Travailler sous pression extrême : trauma et persévérance
Comment les équipes d’AWDA tiennent-elles ? Sama marque une pause. « En tant que Palestinien·ne, tu sais que tu ne peux rien changer à la réalité dans laquelle tu te trouves. Ton système nerveux s’habitue à la pression. Tu ne réalises pas vraiment ce qui t’arrive, ce que tu vois, tant que tu continues à travailler. »
Elle évoque un médecin venu de Valence travailler à Gaza pendant le génocide : il n’en parle presque plus, tant le trauma est profond. Mais les soignant·es gazaoui·es, eux, travaillent depuis trois ans sans interruption. C’est seulement maintenant, dans cette accalmie relative, que certains commencent à mesurer ce qu’ils ont traversé. « Soudainement, les gens leur manquent. Leur maison leur manque. Leur système nerveux était en veille. Mais il n’y avait pas d’autre choix — beaucoup de médecins ont été blessé·es, tué·es ou arrêté·es. Il n’y en a tout simplement plus assez. »
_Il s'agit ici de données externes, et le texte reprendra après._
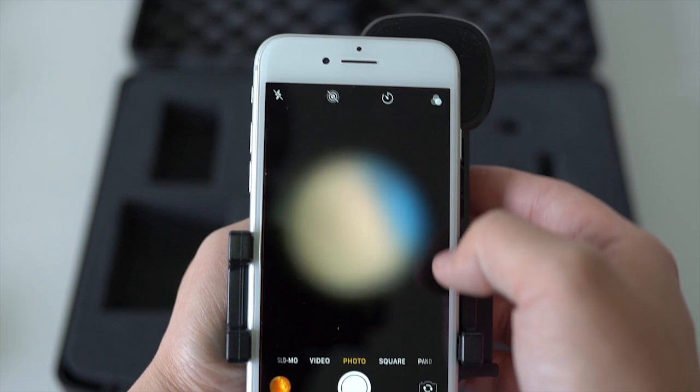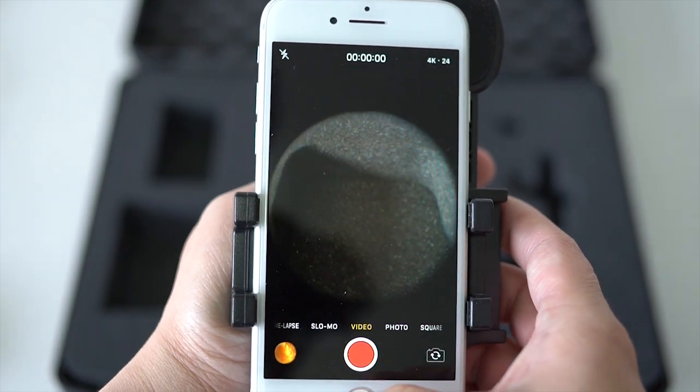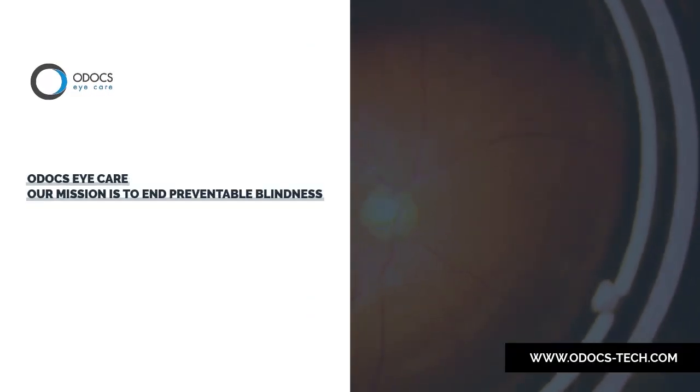You can record the findings using the phone's video or photo mode. We recommend a video with still images in between acquisition. When the battery is low, you can recharge it with the USB cable provided. Please visit odocs-tech.com for more information.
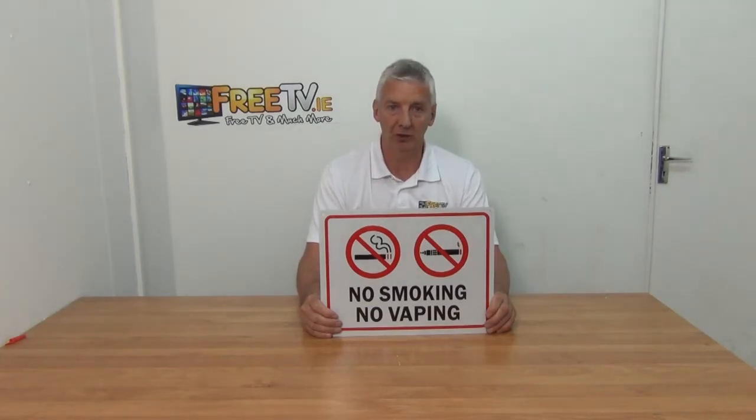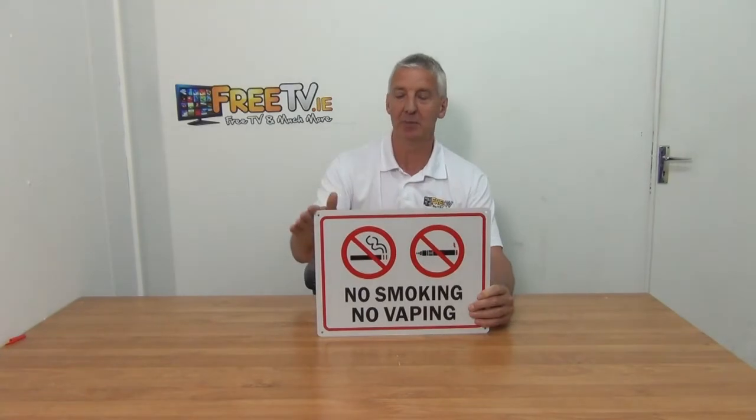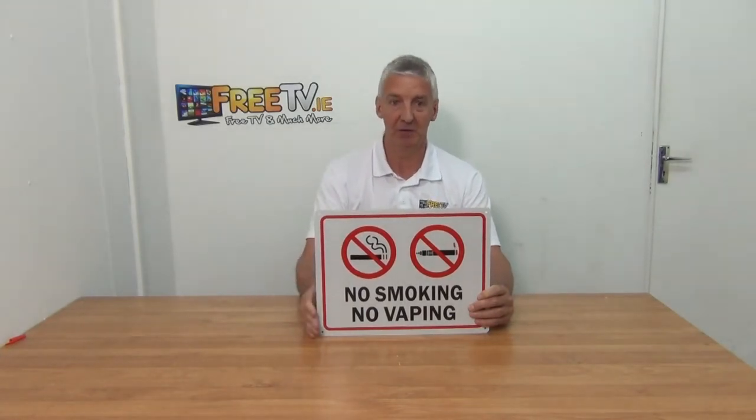Hi, I have in my hand the No Smoking No Vaping sign. It's built or printed onto an aluminium material here, so it's extremely strong. It is 400mm wide, 300mm high.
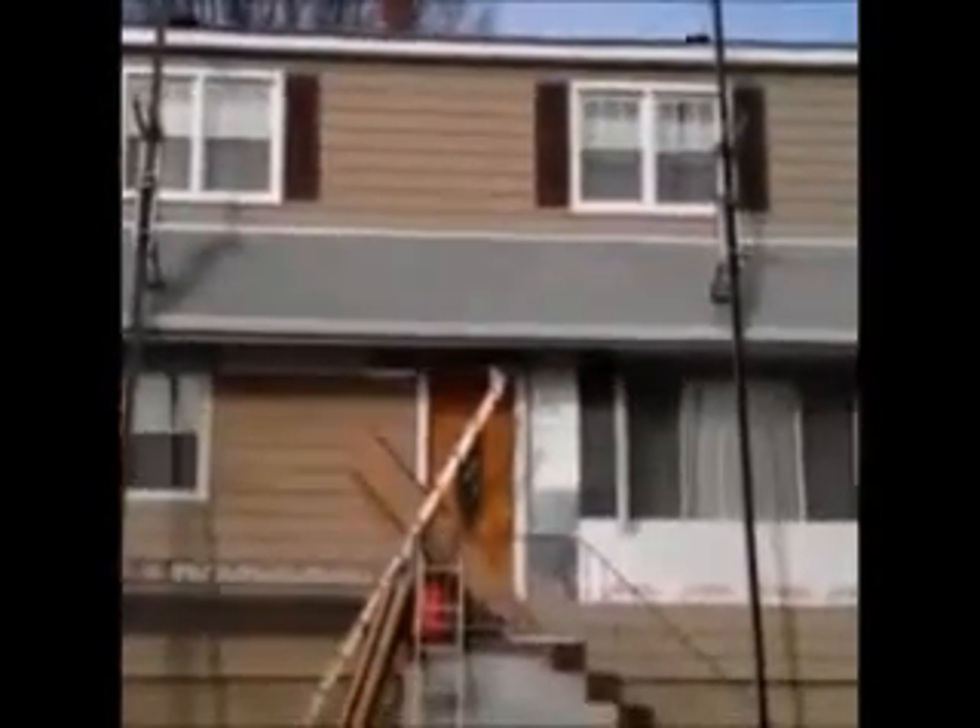Here we are — we just installed vinyl cedar shake siding on this house. We're on the front now and as you can see it was a tear-off.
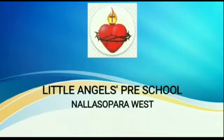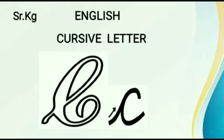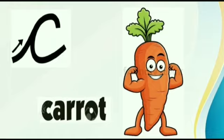A beautiful good morning to all my dear children. Today we are going to learn cursive letter C. C for camel. C for carrot.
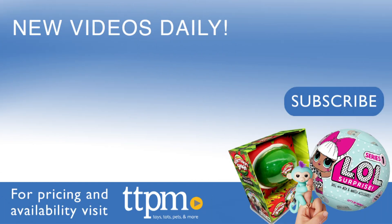For where to buy and current prices, visit TTPM and subscribe to our YouTube channel for more reviews every day. I'll see you next time. Bye!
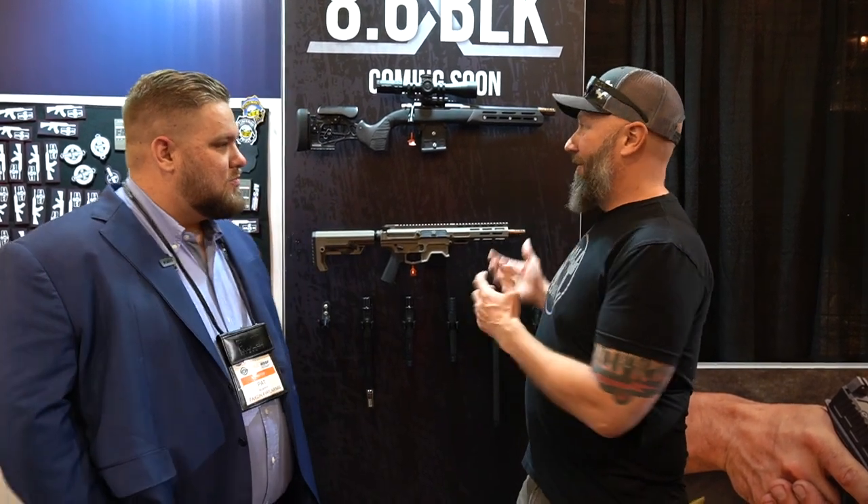Hey guys, it's Harley Wood. We're at SHOT Show 2022 at the Faxon Firearms booth. I'm here with Pat, and yesterday we were out at the range with you, and we got to shoot the very, very hyped 8.6 Blackout.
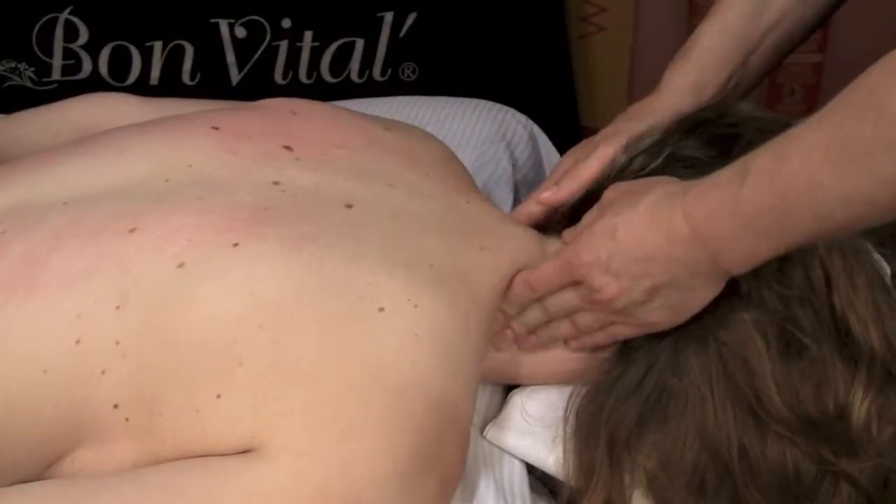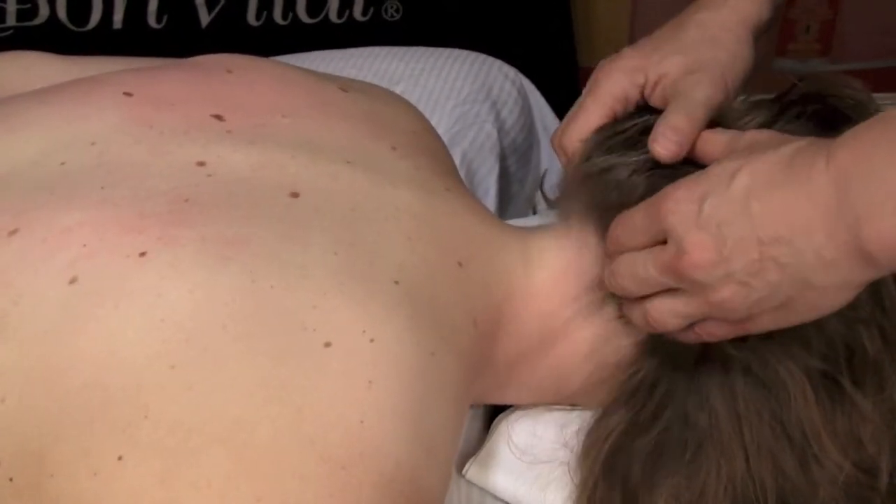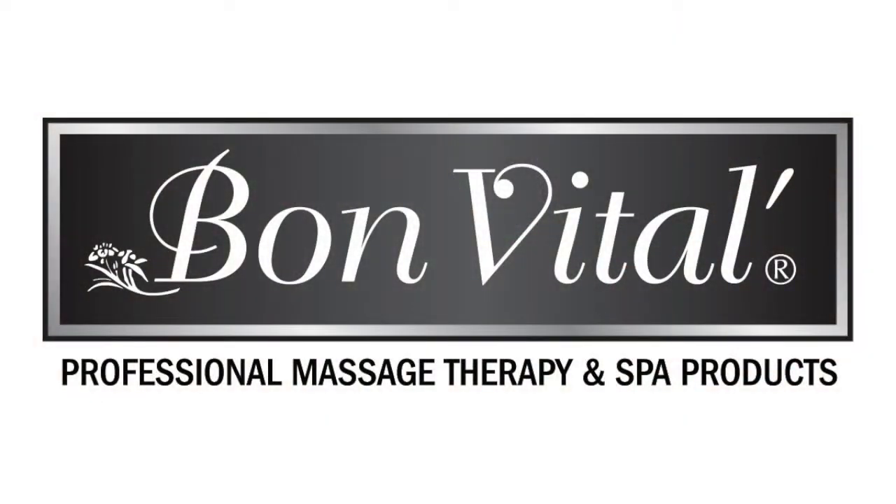Same great blend of essential oils and menthol that you love in the gel, now in an extreme icy spray. Paraben-free, no nut oils, and water dispersible.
Après le génocide, les employés d’AWDA eux-mêmes auront également besoin d’un soutien psychosocial et de délégations médicales capables d’effectuer des interventions spécialisées qui ont été reportées depuis trop longtemps.
Ce que la solidarité internationale signifie concrètement
Sama est claire sur ce qu’elle demande aux personnes en dehors de Gaza. Pas en termes vagues, mais de manière concrète :
- Continuez à parler de la Palestine. Dans les médias, on a l’impression que c’est terminé. Ce n’est pas terminé. Les gens à Gaza ne sont pas encore en sécurité, mais le reste du monde semble les oublier.
- Faites des dons. Tout à Gaza coûte le double ou le triple d’avant le génocide. AWDA doit littéralement tout reconstruire, à partir de zéro.
- Soyez un porte-voix pour AWDA. Aidez à diffuser les histoires de ceux qui n’ont pas eux-mêmes les moyens de se faire entendre.
- Boycottez. La pression économique fonctionne.